「たった2カ月」で著者への信頼が崩れた日──次のチャンスを手放す人の共通点
今日は紙の商業出版での経験をベースに書いています。
しかし、電子書籍の世界でも通じる話です。
ぜひ、参考にしてください。
「企画が通れば、一冊の本は基本的に最後まで出る」。
よほどのトラブルが起きない限り、出版の現場では、これが常識です。
企画が正式通過すれば売り上げが予算として計上されるからです。
だからこそ、企画が動き始めたら、著者と編集者は同じゴールを見て走り続ける必要があります。

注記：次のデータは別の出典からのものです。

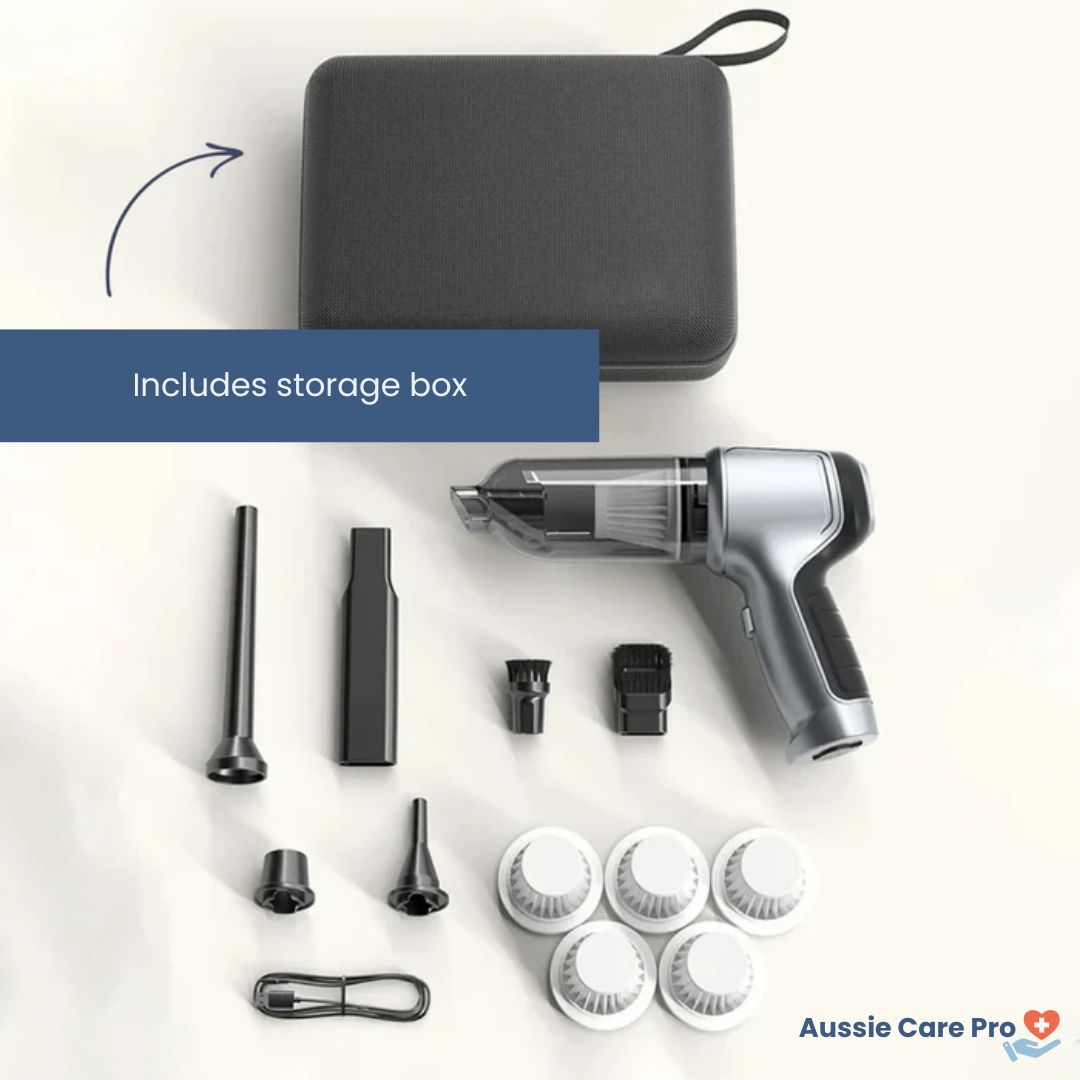 Compact Wireless Hand Vacuum - Lightweight & Rechargeable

しかし私は、ある著者をたった2カ月で「信用できない」と判断しました。
今日は、その実例から「信頼を失う著者の特徴」を共有します。
これは、これから本を出したい人にこそ、ぜひ知ってほしい話です。
■ 信用が失われた瞬間
ある企画が走り出し、著者の原稿制作フェーズに入りました。
著者自身の執筆ではなく、腕の立つプロのライターを私が依頼し、執筆を進める流れでした。
初稿が上がり、著者へ確認を依頼しました。
返ってきた反応は──
てにをは
言い回しの細かな言い換え
読者にとって意味が変わらない表現修正
など、いわば“重箱の隅つつき”とも言える修正が、全編にびっしり。
その瞬間、私はこう感じました。
「この著者は、ライターの力量も、私の判断も信じていない」
そして最も問題なのは──
その修正が丸ごと読者のためになっていなかったことです。
難解な文章になるものも多く、読者が読みやすく、理解しやすくなる方向とは真逆でした。
■ 信頼が失われる著者の共通点
その著者が示した態度には、はっきりとした特徴があります。
●「自分目線」しか持たない
読者より、自分のこだわりを優先する。